The materiality determined when planning the audit does not necessarily establish an amount below which uncorrected misstatements, individually or in the aggregate, will always be evaluated as immaterial. The circumstances related to some misstatements may cause the auditor to evaluate them as material even if they are below materiality. It is not practicable to design audit procedures to detect all misstatements that could be material solely because of their nature (that is, qualitative considerations).

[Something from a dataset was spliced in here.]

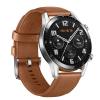 Huawei Watch GT 2 Classic 46mm Pebble Brown (55024470)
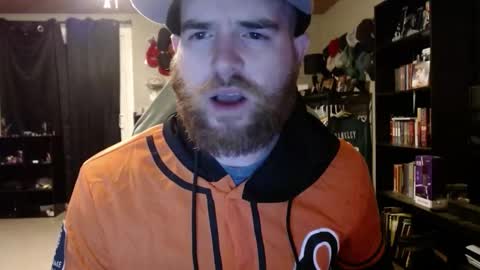 Snapshot of mountmythrone47 chatting on March 29, 4:01 am You Can Ask online show from March 29, 4:01 am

However, consideration of the nature of potential misstatements in disclosures is relevant to the design of audit procedures to address risks of material misstatement.1 In addition, when evaluating the effect on the financial statements of all uncorrected misstatements, the auditor considers not only the size but also the nature of uncorrected misstatements, and the particular circumstances of their occurrence.2 (Ref: par. .A1) [As amended, effective for audits of financial statements for periods ending on or after December 15, 2021, by SAS No. 134.]

Effective Date

.07 This section is effective for audits of financial statements for periods ending on or after December 15, 2012.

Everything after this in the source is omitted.